The provision of last year's Senate bill that increased the number of visas for immigrant victims of domestic violence, raising revenue and thereby giving House Speaker John Boehner the excuse to claim the Senate had to work with the House bill, has been taken out, with plans to include it in immigration reform legislation. So the Senate can move forward. But it can't pass a law on its own, and House Republican leadership doesn't exactly look eager to embrace a bipartisan bill:
House Speaker John Boehner (R-Ohio) and House Majority Leader Eric Cantor (R-Va.) have remained mum on how they plan to proceed.
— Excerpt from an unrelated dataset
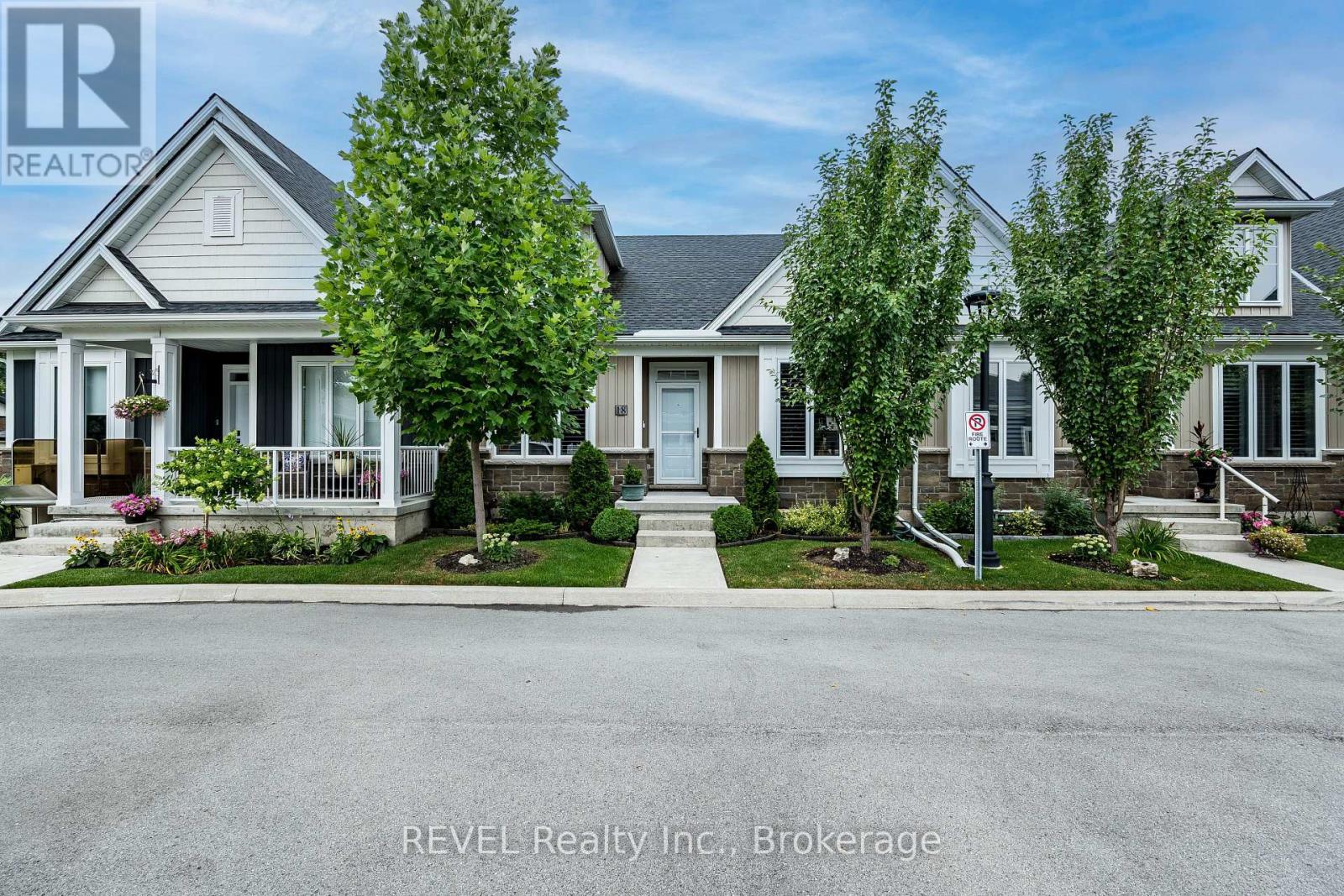 18 PRINCETON COMMON STREET Property Photo 1
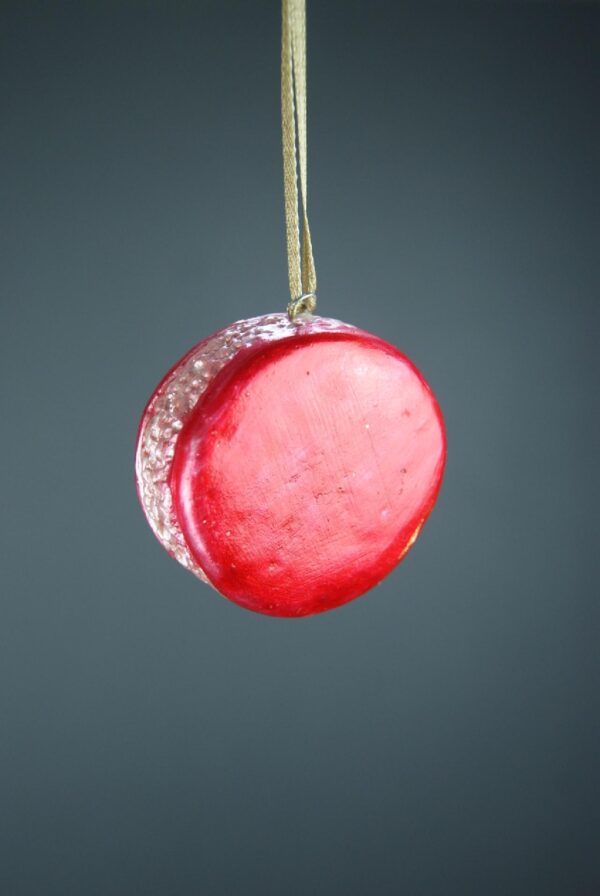 Macrons orn metalic red finish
Spokespeople for both of their offices did not respond to a request for comment. But there have been rumblings that Rep. Cathy McMorris Rodgers (R-Wash.), who chairs the House Republican Conference, may take the lead on the issue. Tribal groups met privately with McMorris Rodgers last week and had nothing but praise for the congresswoman's openness to moving a broad bill.
We'll see. Because while it's good to hear that Native American groups like what they're hearing from McMorris Rodgers, after expanded protections for Native American women proved a key sticking point, the signals are pretty damn mixed if the men in charge aren't sullying themselves by publicly commenting on lady issues. And it's not like we've never seen the Republican Party trot out its few female tokens to try to sell the war on women as essentially feminist.
The Violence Against Women Act needs to be reauthorized, though. And once the Senate votes to do that, the pressure will all be on House Republicans to pass a bipartisan bill rather than once again going for a bill only a far-right Republican could love.